> _Work to complete_
Take the line that contains "Phẫu thuật cắt" and each line after it to the end of the data below, and set them down exactly, omitting pictures.
======== Given records
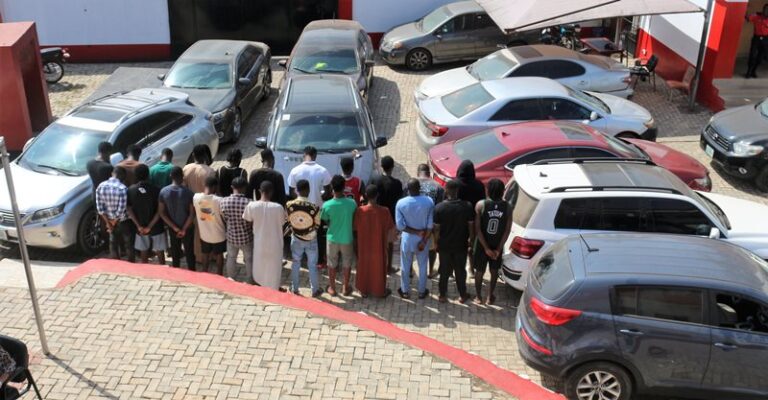 EFCC Nabs 23 Internet Fraud Suspects in Ibadan, Seizes Luxury Cars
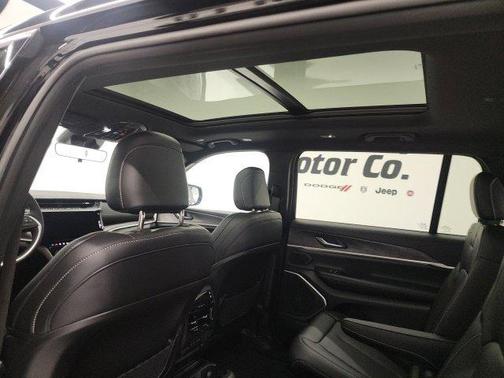 Diamond Black 2026 Jeep Grand Cherokee L Limited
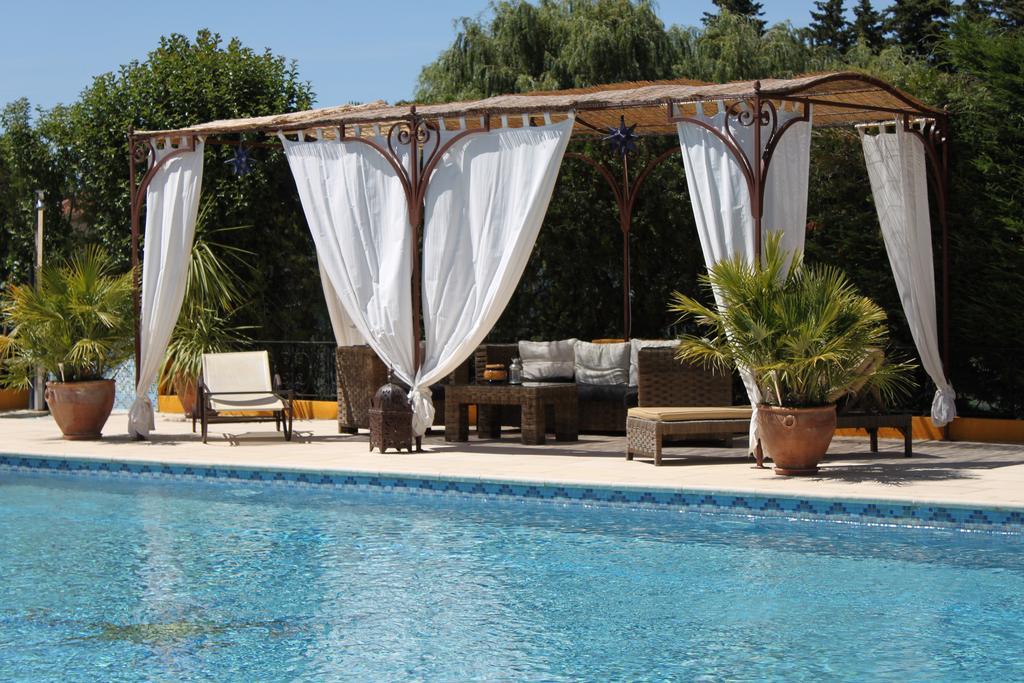 Gites Maisons De Vacances Domaine La Chamade Carpentras Δωμάτιο φωτογραφία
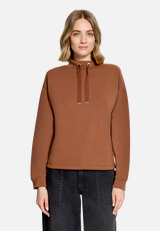 Sweatshirt mit Stehkragen / Modellfoto Vorderseite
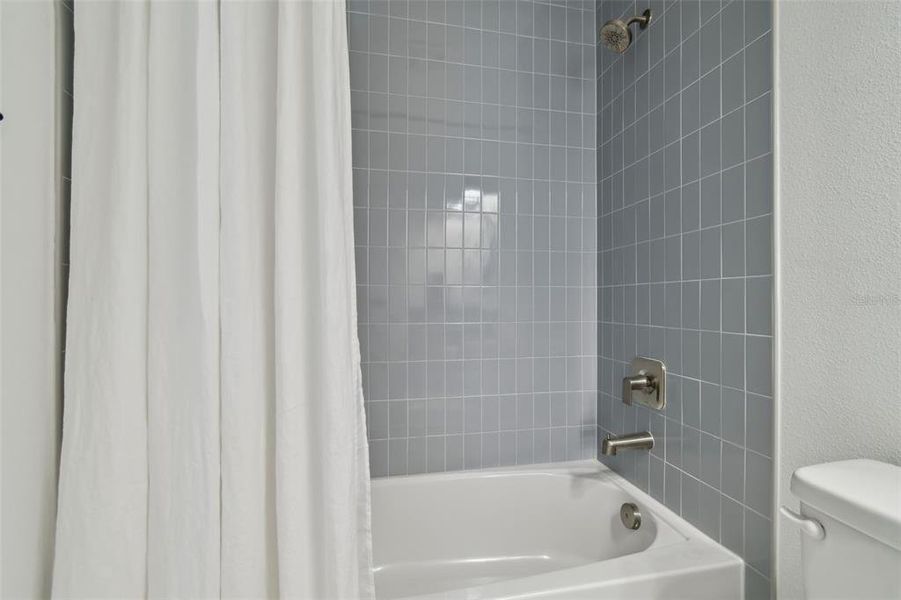 En-Suite Shower/Tub Combo En-Suite Shower/Tub Combo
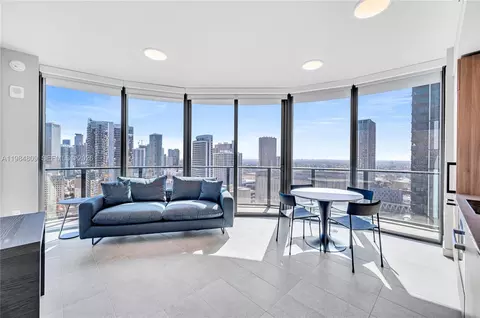 121 NE 5 Th St #3005, Miami, FL 33130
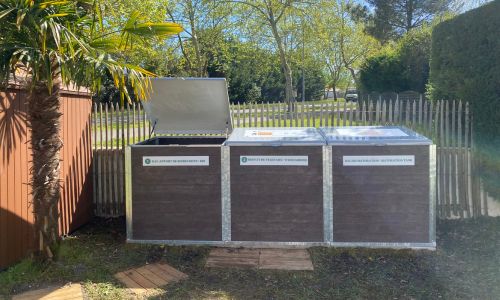 Composteur 3 bacs en plastique recyclé installé dans le camping Plein Forêt
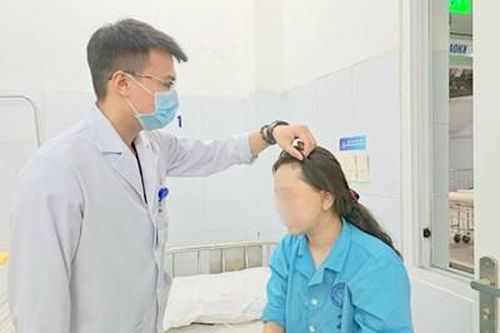 Phẫu thuật cắt bỏ khối tổn thương gây bệnh động kinh hiếm gặp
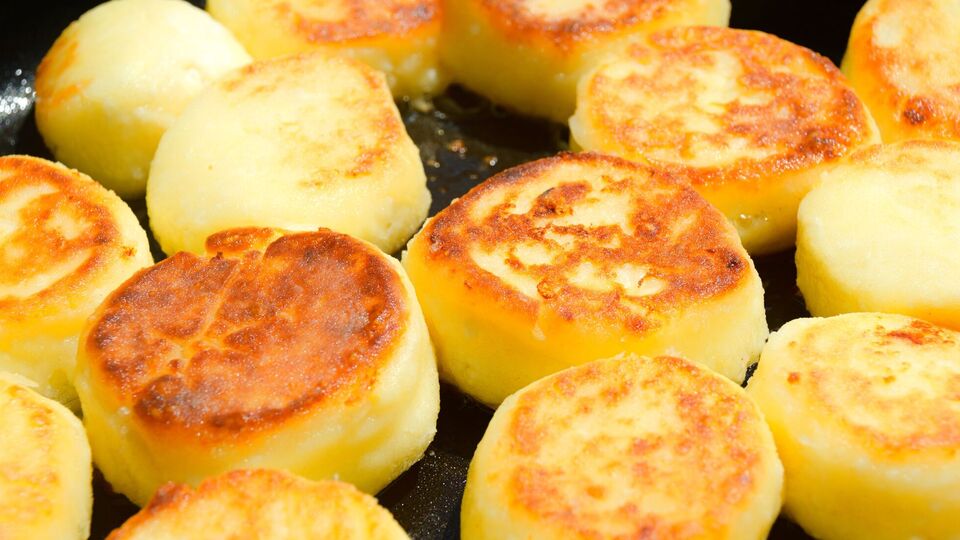 Для сырников нужно брать сухой творог с жирностью от 5% до 9%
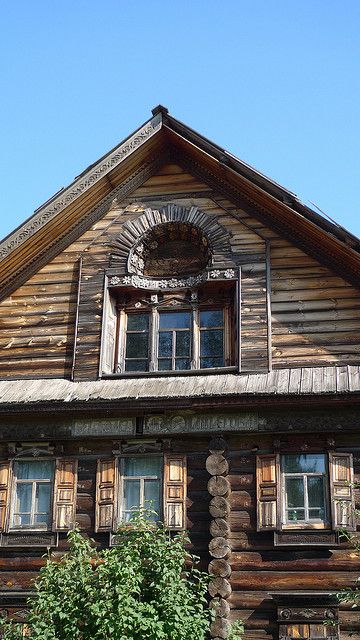 Traditional Russian izba (house) | Flickr - Photo Sharing! Russian Izba, Russian Windows, California Bedroom Style, Russian Houses, Derilict Buildings, Russian House, House Traditional, Italy For Kids, White Bedroom Design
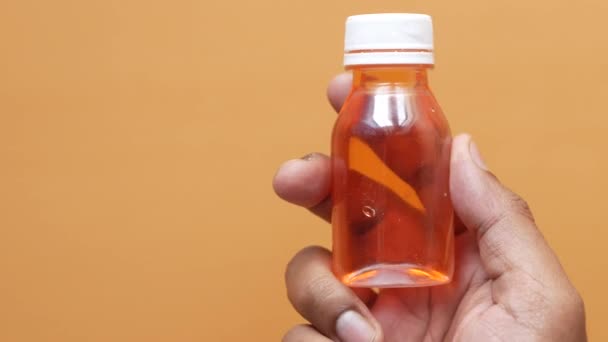 Sosteniendo un frasco con medicamento líquido — Vídeos de Stock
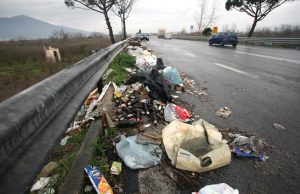 sestu-strada-lastricata-di-spazzatura-protesta-degli-ecologisti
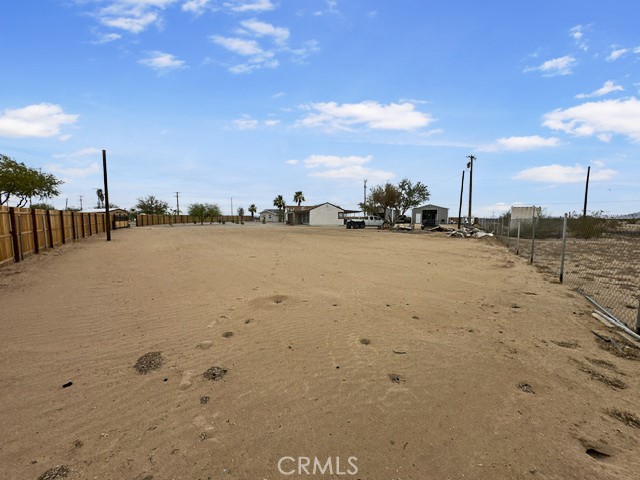 main property photo 23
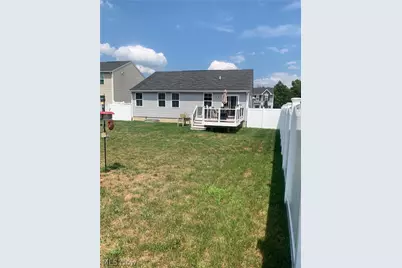 2608 Bishop Oval, Barberton, OH 44203 - Photo 4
================
> _Solution for this exercise_
 Phẫu thuật cắt bỏ khối tổn thương gây bệnh động kinh hiếm gặp
 Для сырников нужно брать сухой творог с жирностью от 5% до 9%
 Traditional Russian izba (house) | Flickr - Photo Sharing! Russian Izba, Russian Windows, California Bedroom Style, Russian Houses, Derilict Buildings, Russian House, House Traditional, Italy For Kids, White Bedroom Design
 Sosteniendo un frasco con medicamento líquido — Vídeos de Stock
 sestu-strada-lastricata-di-spazzatura-protesta-degli-ecologisti
 main property photo 23
 2608 Bishop Oval, Barberton, OH 44203 - Photo 4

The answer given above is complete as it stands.